# [INSTRUCTIONS TO FOLLOW]
Omit the pictures and output exactly the lines from the start of the entries through the line containing "KBRI Astana meresmikan".
(DATA LISTING Opens)
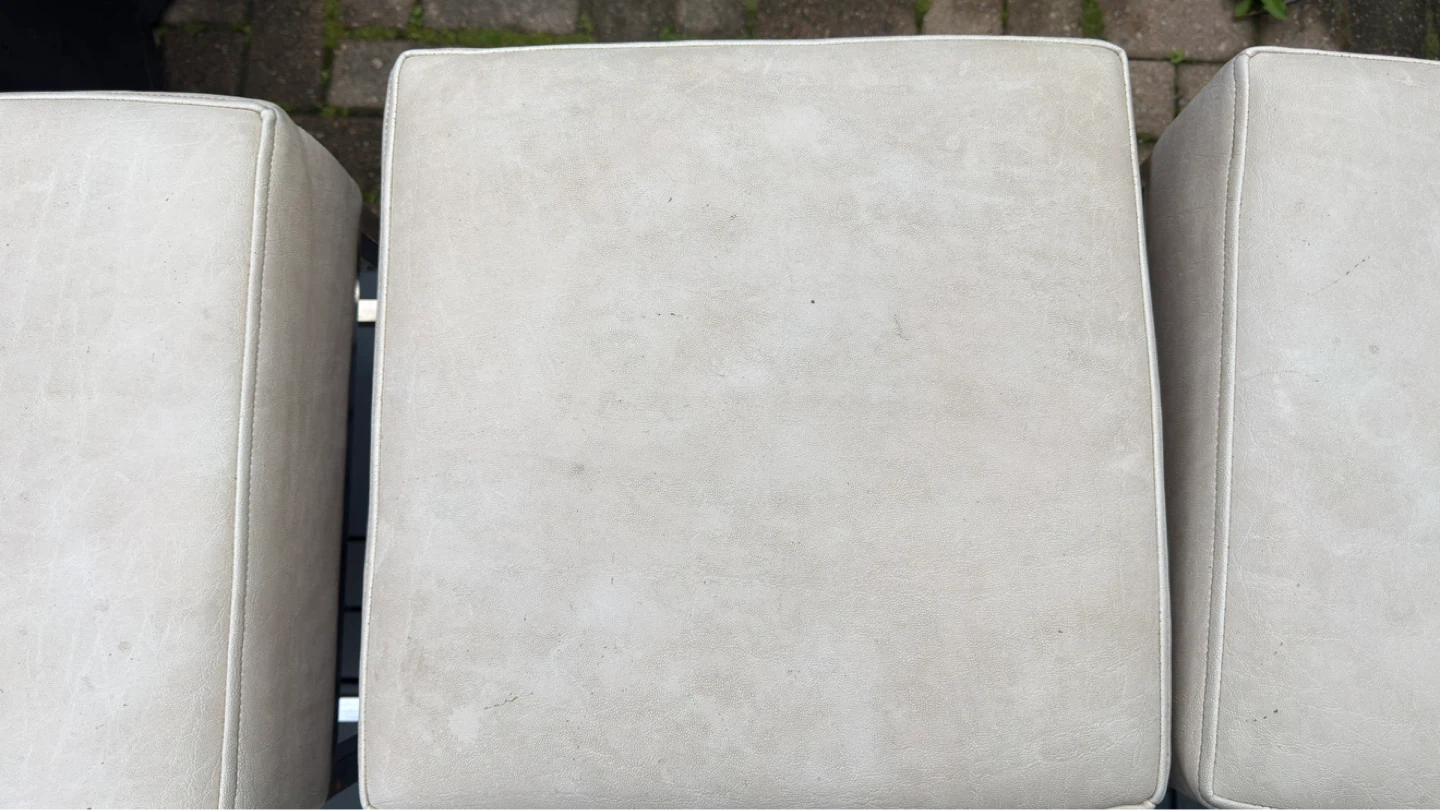 Set of 3 Modern Bar Stools ⚽️ - photo 3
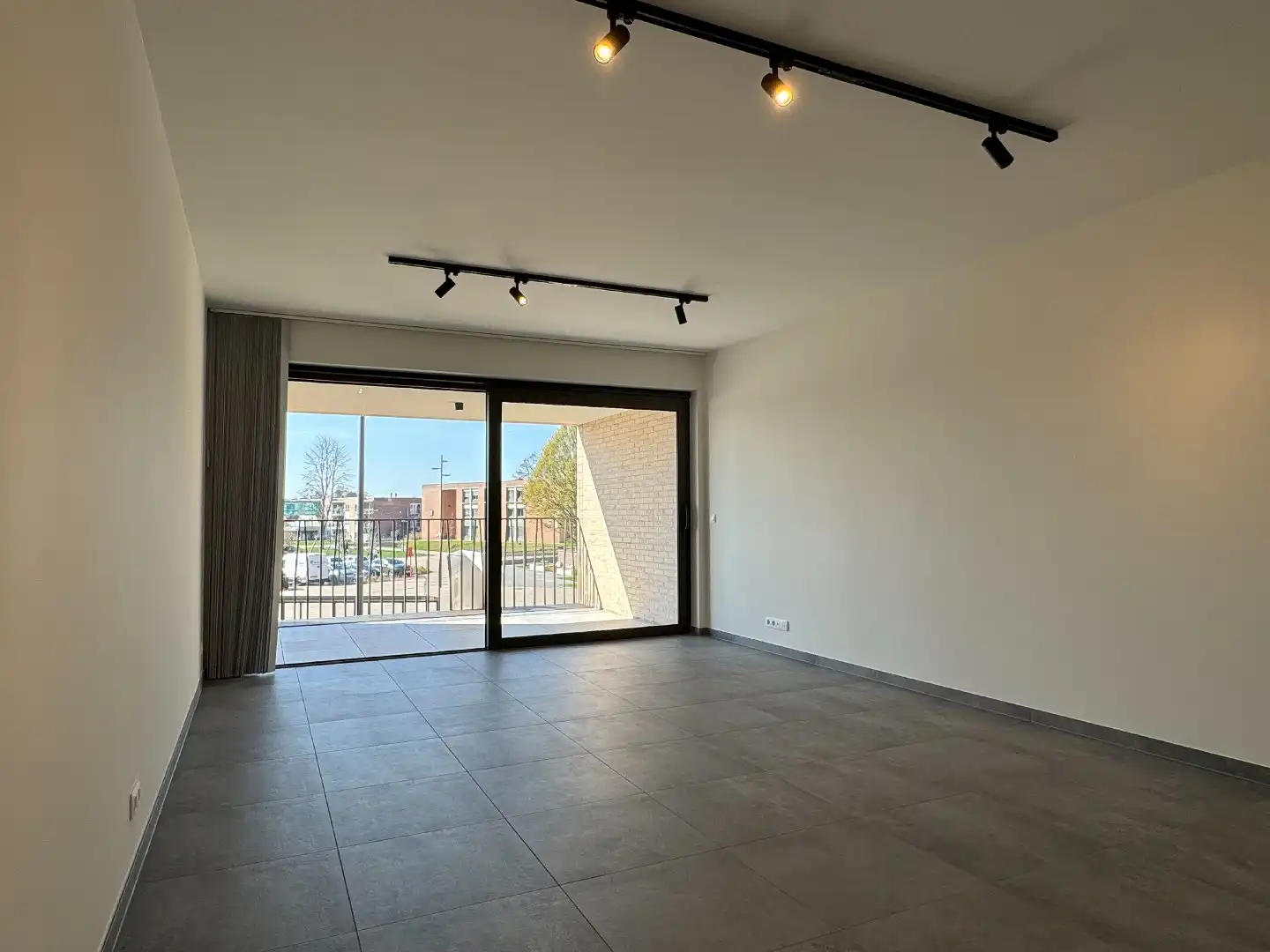 VOLLEDIG AFGEWERKT NIEUWBOUWAPPARTEMENT MET 2 SLAAPKAMERS, TERRAS, ONDERGRONDSE AUTOSTANDPLAATS EN KELDERBERGING IN RESIDENTIE "DE KWINT" TE ZONHOVEN  foto {{pictureIndex}}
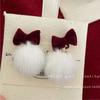 Pendientes de peluche con lazo de terciopelo rojo para mujer, pendientes de bola de pelo con atmósfera de Año Nuevo, pendientes de otoño e invierno de alta calidad que combinan con todo.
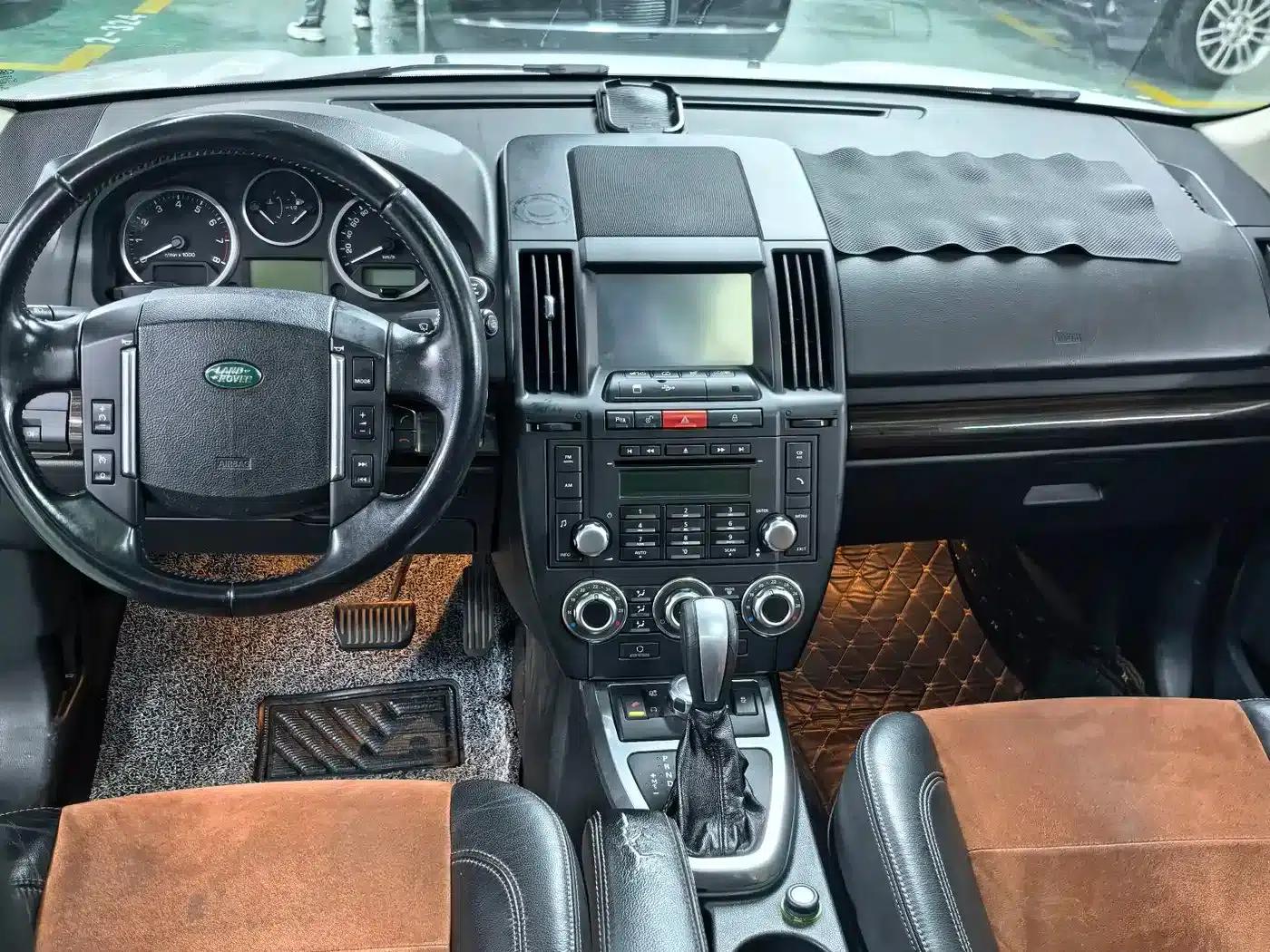 Freelander 2 2011 3.2L i6 SE Petrol Version — миниатюра 7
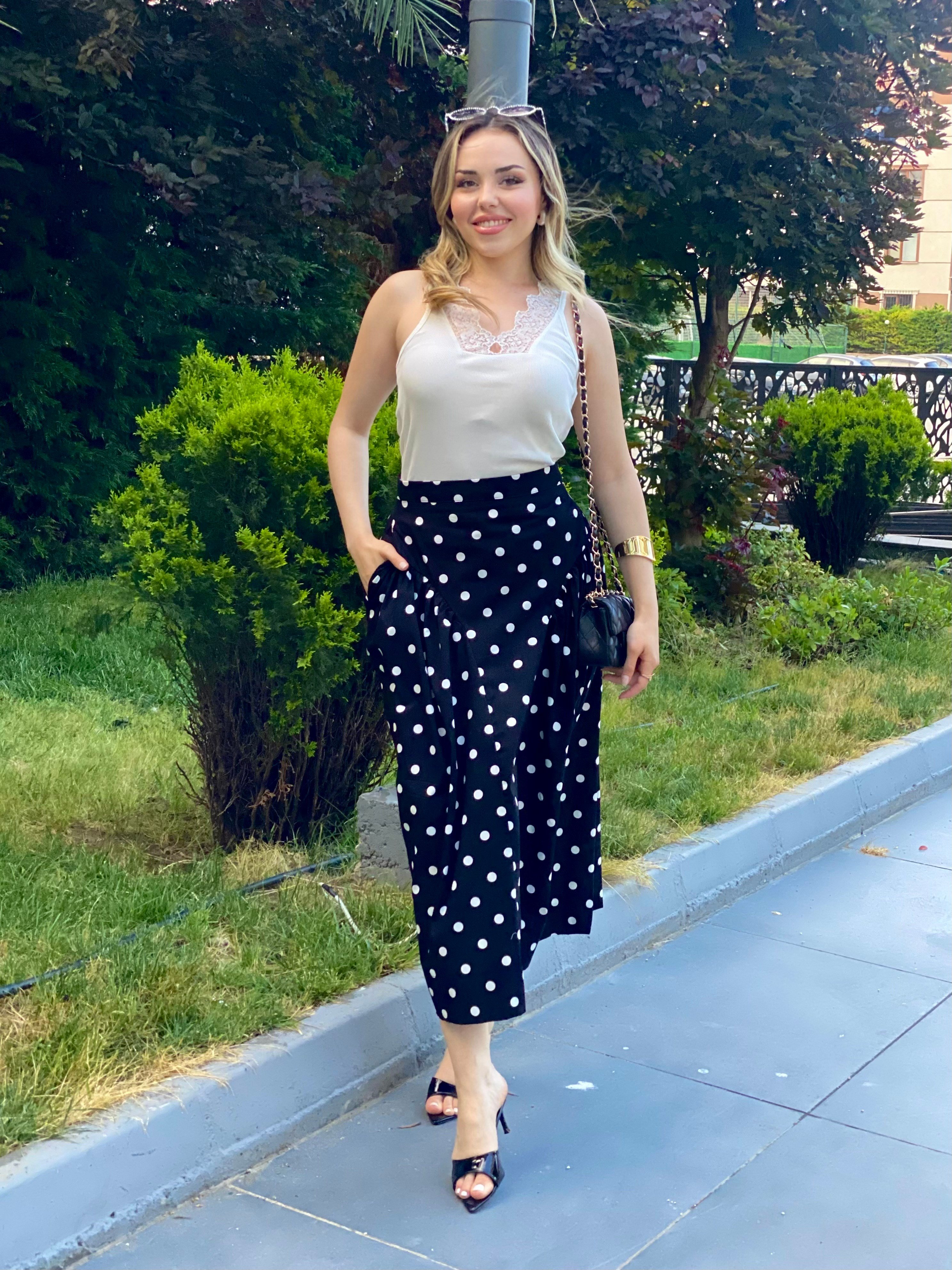 Siyah Puantiyeli Cepli Model Etek
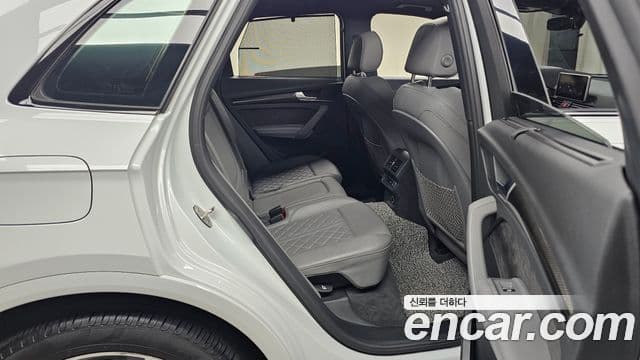 Audi Q5 2020 — Şəkil 11/20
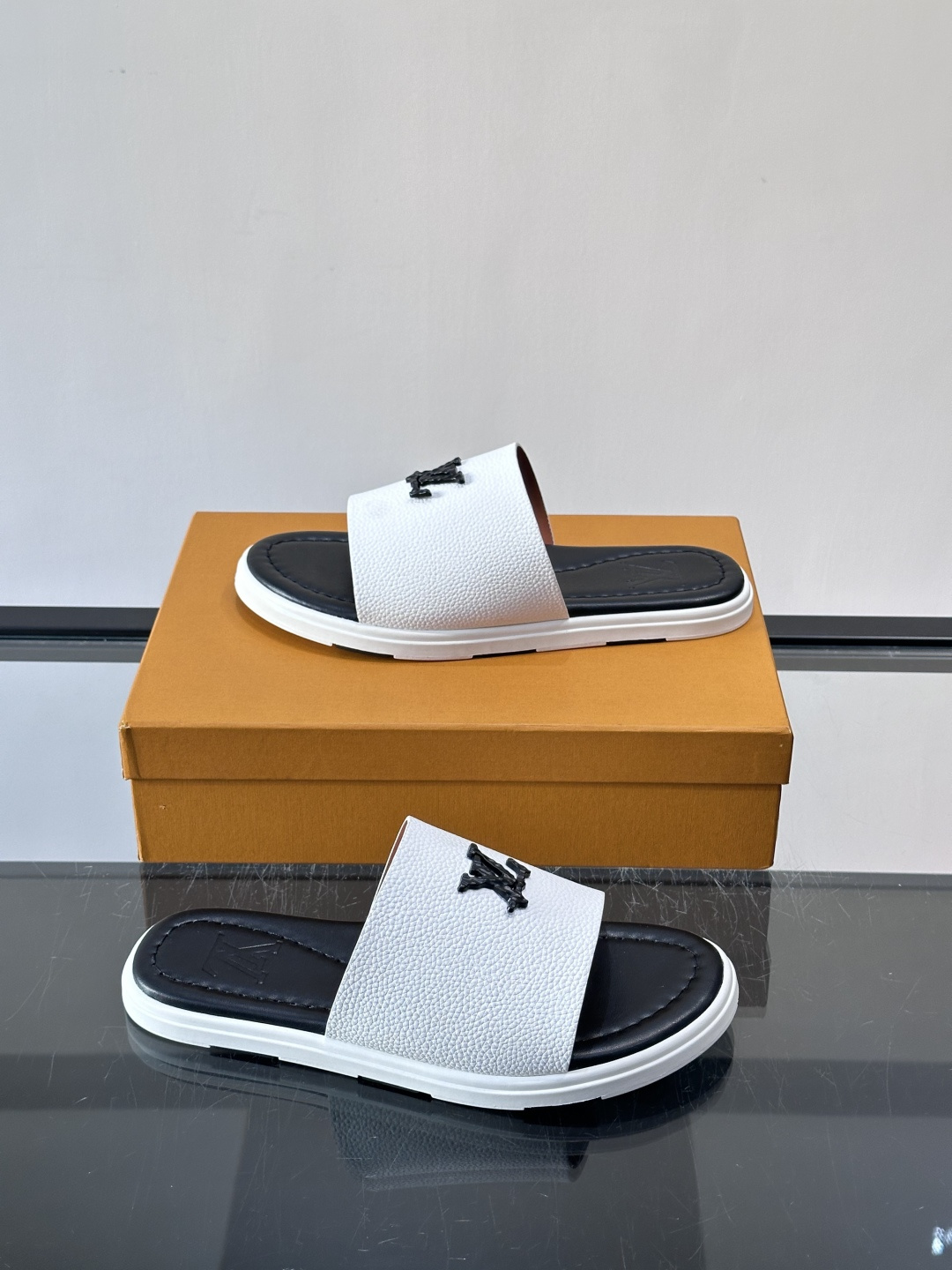 Louis Vuitton ss26new arrival LV驴牌春夏系列新款平底沙滩拖鞋🥿简约精致，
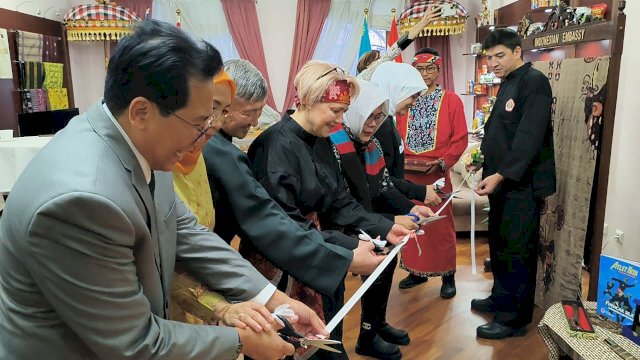 KBRI Astana meresmikan Pencak Silat Corner di Rumah Budaya Indonesia di Astana Kazakhstan pada tanggal 28 November 2022.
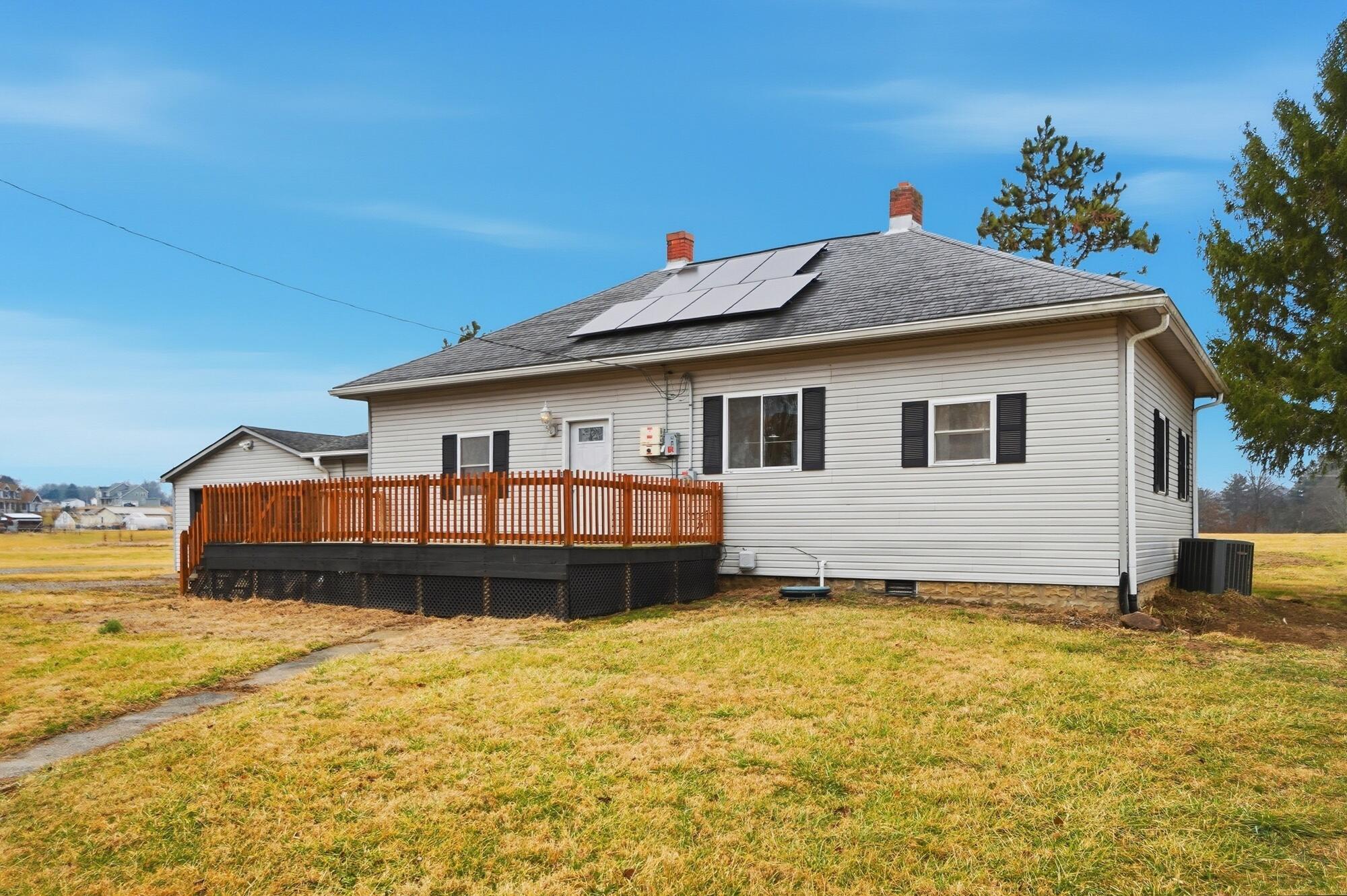 4840 Tschopp Road Northeast Lancaster, OH 43130 - Photo 51 of 58 Exterior - 4840 Tschopp Road NE, Lancaster, OH 43130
(DATA LISTING Closes)
# [SOLUTION FOR THIS PROBLEM]
 Set of 3 Modern Bar Stools ⚽️ - photo 3
 VOLLEDIG AFGEWERKT NIEUWBOUWAPPARTEMENT MET 2 SLAAPKAMERS, TERRAS, ONDERGRONDSE AUTOSTANDPLAATS EN KELDERBERGING IN RESIDENTIE "DE KWINT" TE ZONHOVEN  foto {{pictureIndex}}
 Pendientes de peluche con lazo de terciopelo rojo para mujer, pendientes de bola de pelo con atmósfera de Año Nuevo, pendientes de otoño e invierno de alta calidad que combinan con todo.
 Freelander 2 2011 3.2L i6 SE Petrol Version — миниатюра 7
 Siyah Puantiyeli Cepli Model Etek
 Audi Q5 2020 — Şəkil 11/20
 Louis Vuitton ss26new arrival LV驴牌春夏系列新款平底沙滩拖鞋🥿简约精致，
 KBRI Astana meresmikan Pencak Silat Corner di Rumah Budaya Indonesia di Astana Kazakhstan pada tanggal 28 November 2022.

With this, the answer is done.